Everything from the line containing "Colony Blue red" through the last line of the data below is to be retyped exactly, apart from the pictures.

*** Dataset

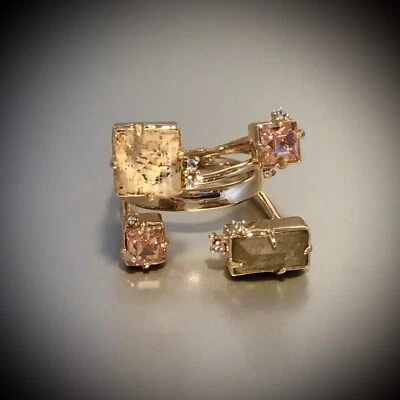 NUEVO ANILLO DOBLETE AUTÉNTICO ALEXIS BITTAR Geo Cristal Labradorita Jaspe Talla 6 con Bolsa Foto 1 de 4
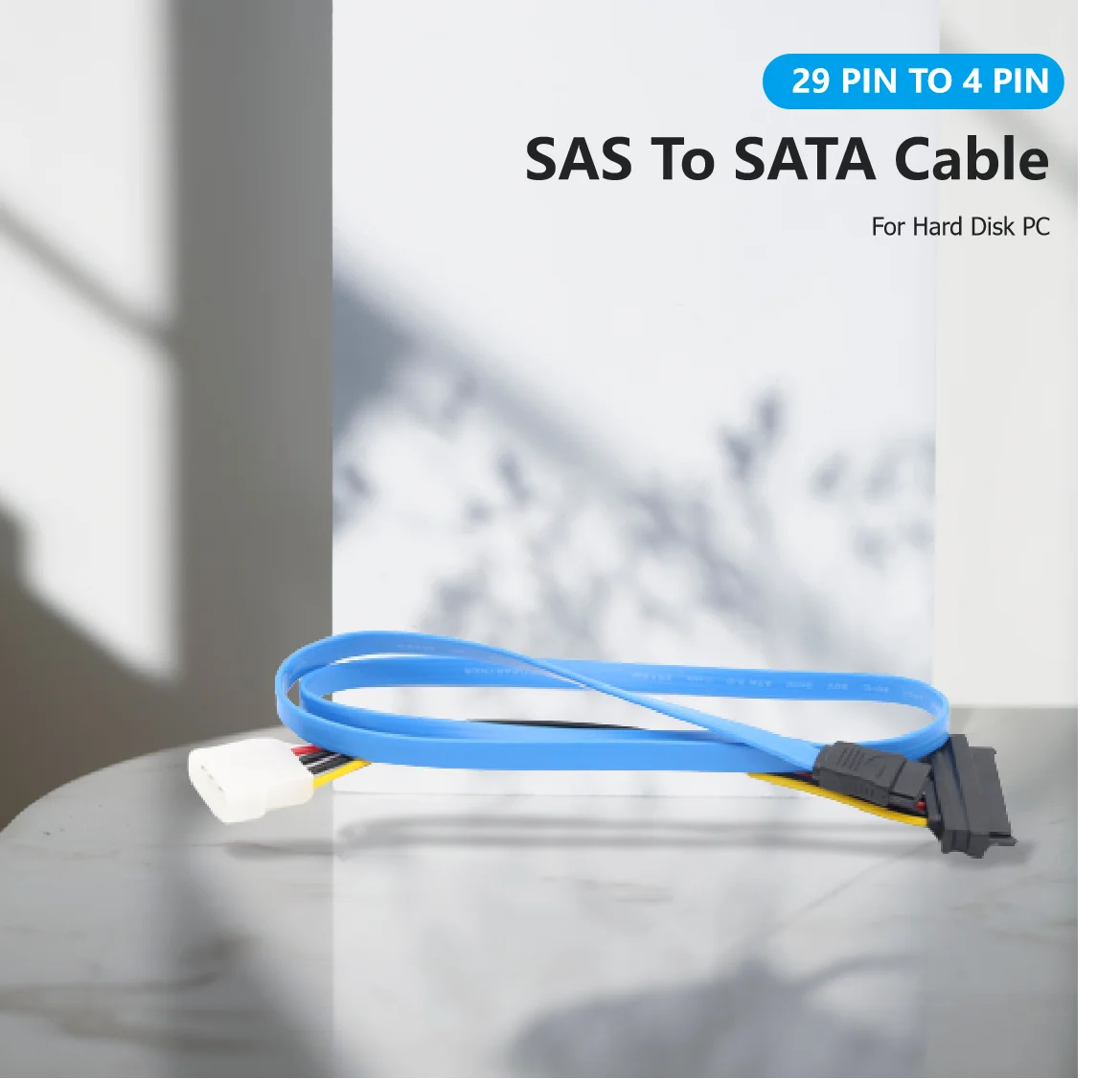 7-контактный разъем SATA к 4-контактному штекеру и 29 контактным внешним кабелям для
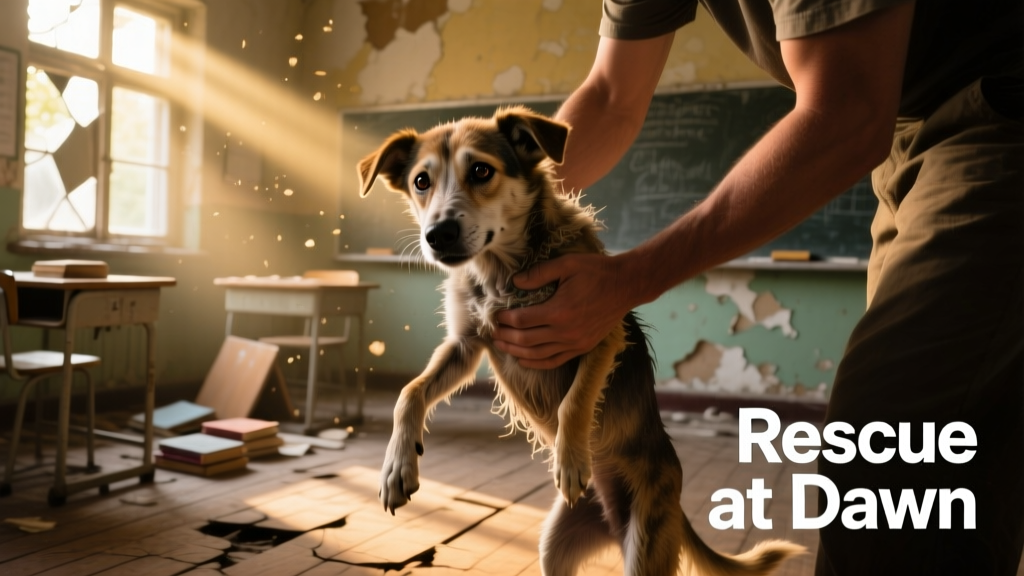 Watch the Incredible Moment When Stray Dog Trapped Inside an Abandoned School Is Finally Rescued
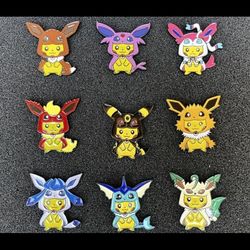 Set of 12 Pokemon Enamel Pins - Pikachu Eevee Poncho Eeveelution Enamel Trading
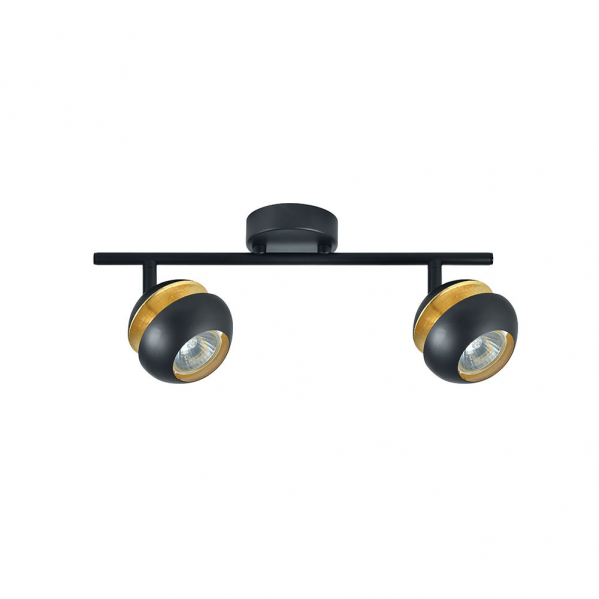 regleta-beethoven-2xgu10-negro-oro-14x36-5x8-5-cm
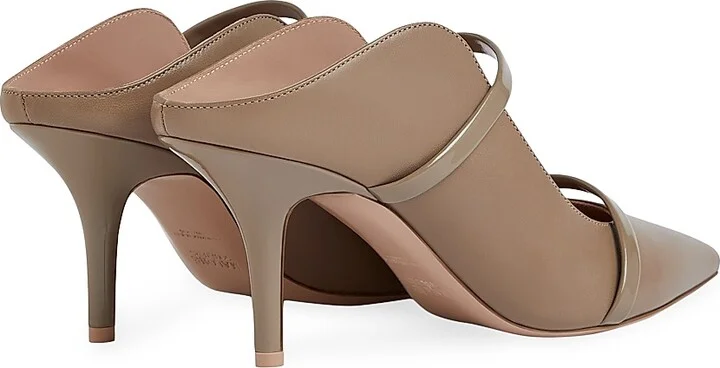 Women's Maureen 70MM Leather Heeled Mules - Taupe - Size 11.5 - Image 4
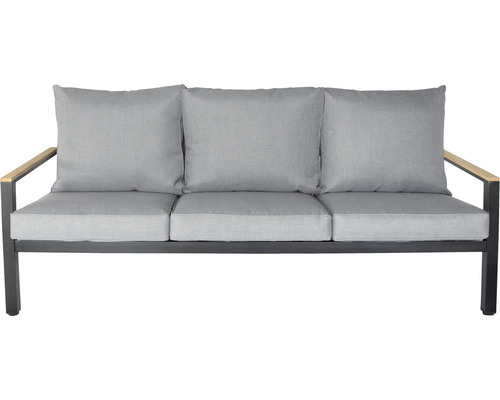 Canapé de jardin à trois places avec coussins et accoudoirs en bois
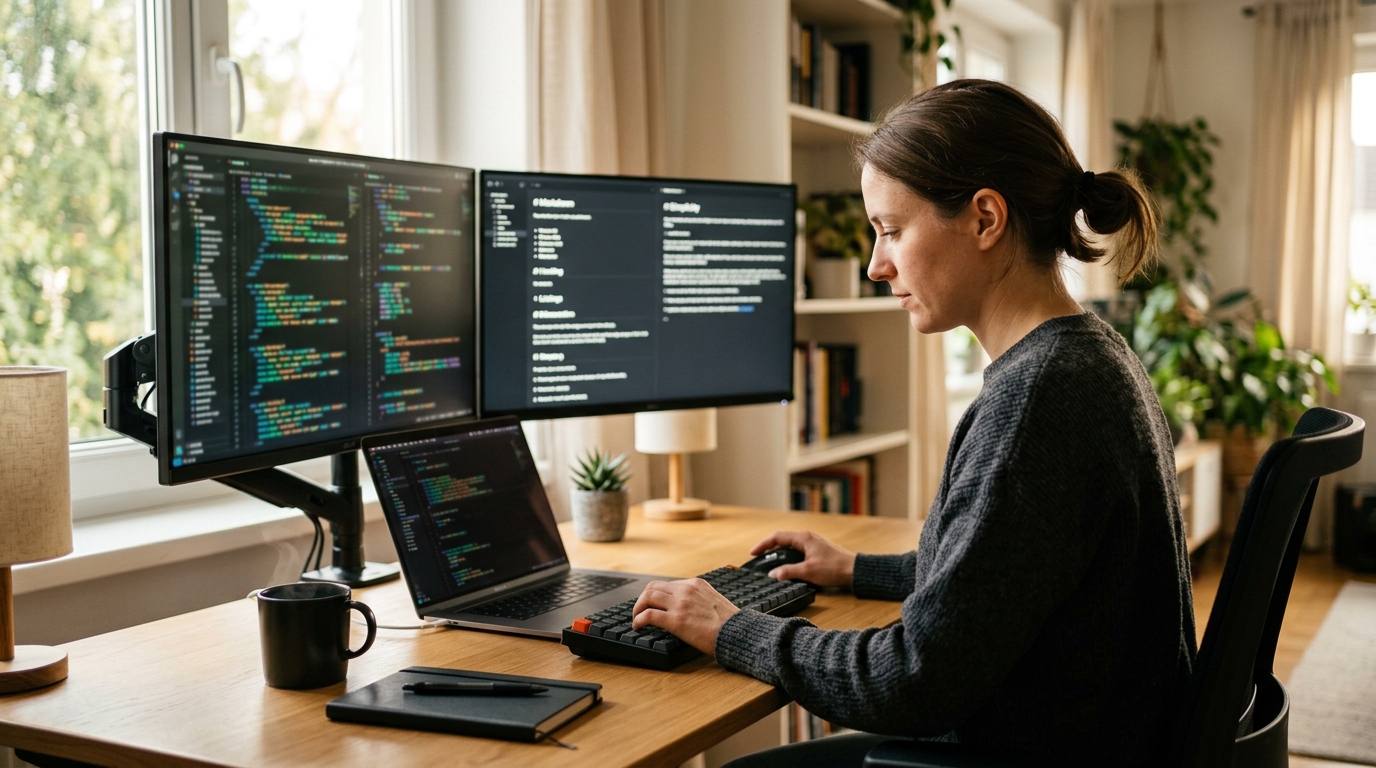 Developer desk with dual screens showing HTML code converted to Markdown format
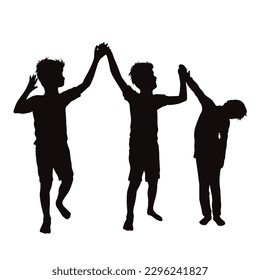 Vector silhouette of siblings on white background. Symbol of family.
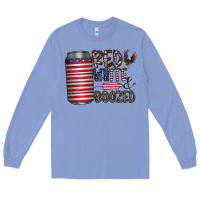 Colony Blue red white  boozed Long Sleeve Tee - CowhideDigitalArt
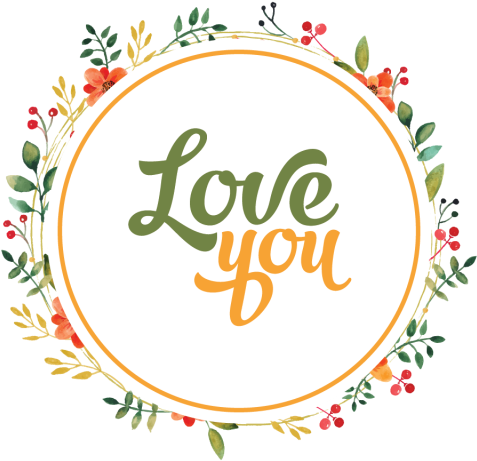 Love You Floral Frame Graphic PNG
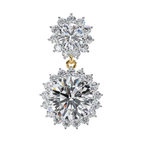 Diamond drop earrings with double halo sunburst design in gold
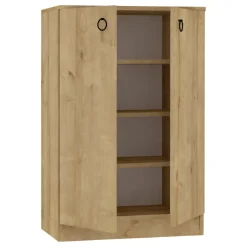Scarpiere > Dmora Scarpiera 3 Ripiani 2 Ante 60x32x100h cm, 4 Vani - Piario Marrone Olmo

******

** Solution to the problem **
 Colony Blue red white  boozed Long Sleeve Tee - CowhideDigitalArt
 Love You Floral Frame Graphic PNG
 Diamond drop earrings with double halo sunburst design in gold
Scarpiere > Dmora Scarpiera 3 Ripiani 2 Ante 60x32x100h cm, 4 Vani - Piario Marrone Olmo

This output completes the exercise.